Good._ Because man is made after God's eternal likeness, and this likeness
consists in a sense of harmony and immortality, in which no evil can
possibly dwell. You may eat of the fruit of Godlikeness, but as to the
fruit of ungodliness, which is opposed to Truth,--ye shall not touch it,
lest ye die.
_Evil._ But I would taste and know error for myself.
_Good._ Thou shalt not admit that error is something to know or be known,
to eat or be eaten, to see or be seen, to feel or be felt. To admit the
existence of error would be to admit the truth of a lie.
_Evil._ But there is something besides good. God knows that a knowledge of
this something is essential to happiness and life. A lie is as genuine as
Truth, though not so legitimate a child of God. Whatever exists must come
from God, and be important to our knowledge. Error, even, is His offspring.
_Good._ Whatever cometh not from the eternal Spirit, has its origin in the
physical senses and material brains, called _human intellect_ and
_will-power_,--_alias_ intelligent matter.
In Shakespeare's tragedy of King Lear, it was the traitorous and cruel
treatment received by old Gloster from his bastard son Edmund which makes
true the lines:
The gods are just, and of our pleasant vices
Make instruments to scourge us.
His lawful son, Edgar, was to his father ever loyal. Now God has no
bastards to turn again and rend their Maker. The divine children are born
of law and order, and Truth knows only such.
How well the Shakespearean tale agrees with the word of Scripture, in
Hebrews xii. 7, 8: "If ye endure chastening, God dealeth with you as with
sons; for what son is he whom the father chasteneth not? But if ye be
without chastisement, whereof all are partakers, then are ye bastards, and
not sons."
The doubtful or spurious evidence of the senses is not to be
admitted,--especially when they testify concerning Spirit, whereof they are
confessedly incompetent to speak.
_Evil._ But mortal mind and sin really exist!

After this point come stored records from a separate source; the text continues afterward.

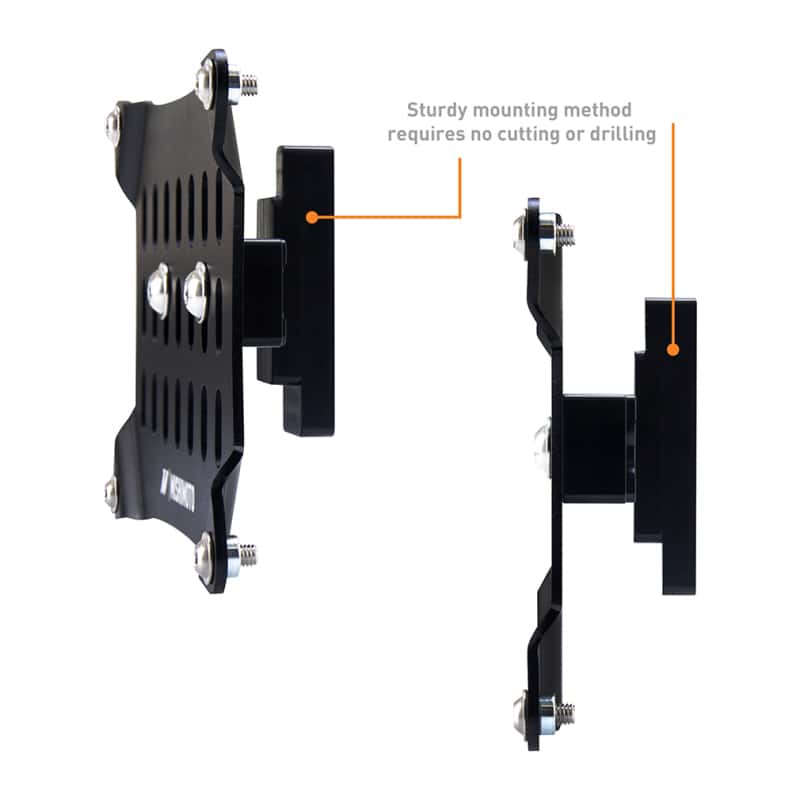 Mishimoto — Mishimoto 24+ Ford Mustang 2.3L EcoBoost License Plate Relocation Kit
Plate Relocation Kit - view 4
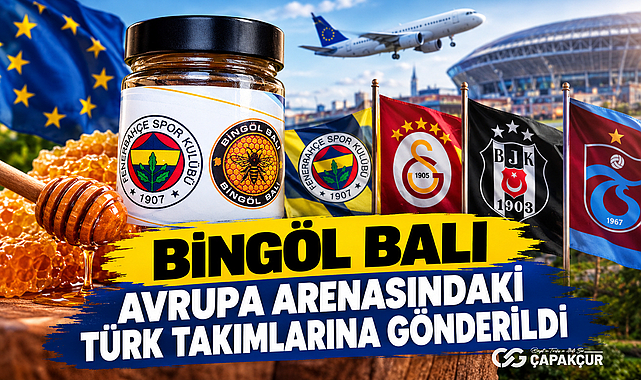 Bingöl Balı, Avrupa Arenasındaki Türk Takımlarına Gönderildi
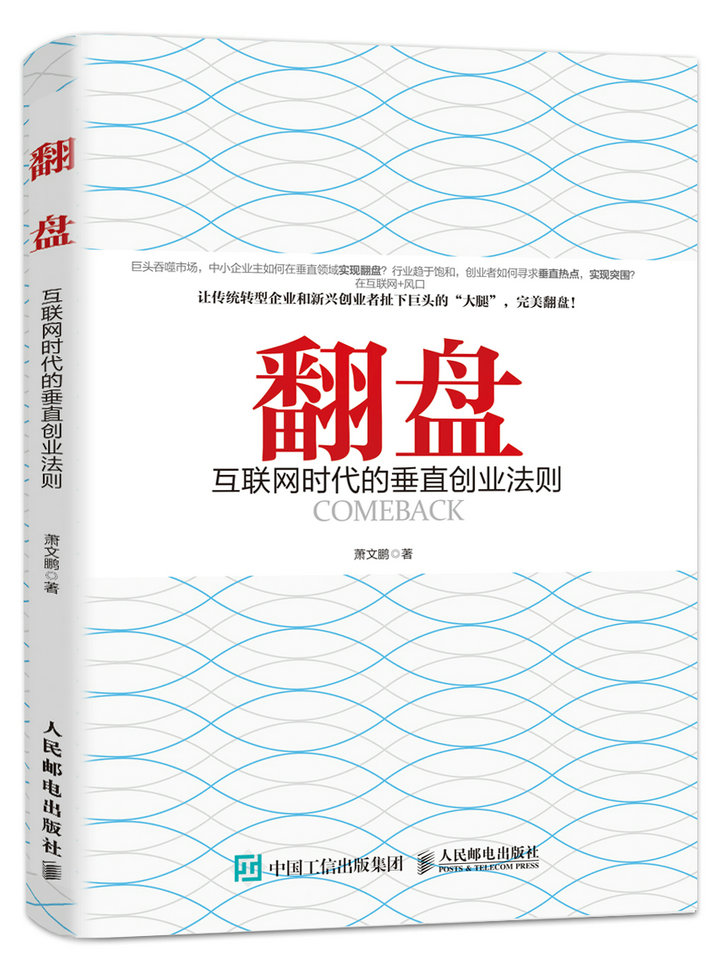 翻盘:互联网时代的垂直创业法则9787115404589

_Good._ How can they exist, unless God has created them? And how can He
create anything so wholly unlike Himself and foreign to His nature? An evil
material mind, so-called, can conceive of God only as like itself, and
knowing both evil and good; but a purely good and spiritual consciousness
has no sense whereby to cognize evil. Mortal mind is the opposite of
immortal Mind, and sin the opposite of goodness. I am the infinite All.